The German Association of Cities is urging Chancellor Olaf Scholz (SPD) for concrete results before the so-called refugee summit. “The federal and state governments must not go away empty-handed at their next meeting on May 10. We need reliable funding commitments and concrete results that will noticeably relieve us when it comes to taking in refugees,” said association president Markus Lewe (CDU) to the newspapers of Funke- media group.

“The money has to dynamically adapt to the increasing number of refugees and actually reach the municipalities.” But money alone is not enough. “Therefore, the federal states must significantly expand their reception capacities and maintain them permanently. And the federal government must also do more with its own real estate,” demanded the mayor of Münster. “The federal government must also consistently support the repatriation of asylum seekers who are obliged to leave the country and have no prospect of staying.”

Federal slows down – refers to debt

Some municipalities are now reaching their limits when it comes to accommodating and caring for asylum seekers and refugees from the Ukraine. In her opinion, the lump sum of 2.75 billion euros promised by the federal government for 2023 is not enough, and the integration costs are not taken into account either.

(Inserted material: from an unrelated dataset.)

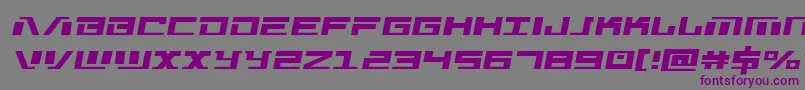 Warmachinesemital Font – Purple Fonts on Gray Background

The federal government, on the other hand, puts the brakes on it and argues that the federal states have financial surpluses, but that they themselves have debts.

Nevertheless, the states continue to insist on more money from Berlin. Bavaria’s Prime Minister Markus Söder (CSU) told the “Spiegel” that the traffic light coalition was letting the municipalities and states down. “There is a lack of sufficient financial aid, of accommodation by the federal government and of orderly control of immigration.”

Wüst: “Need a fair and lasting solution”

In the same magazine, his Düsseldorf CDU colleague Hendrik Wüst called for “significantly more funds to flow – and permanently”. The continuity is also important to Saar Prime Minister Anke Rehlinger (SPD): “We need a fair and, above all, permanent solution for financing, which, for example, dynamically adapts to the number of refugees,” she told the “Rheinische Post”.

The district council also demanded a clear limit on the immigration of asylum seekers. “We expect the federal government to do everything it can to significantly reduce the influx of refugees,” said President Reinhard Sager (CDU) of the same newspaper.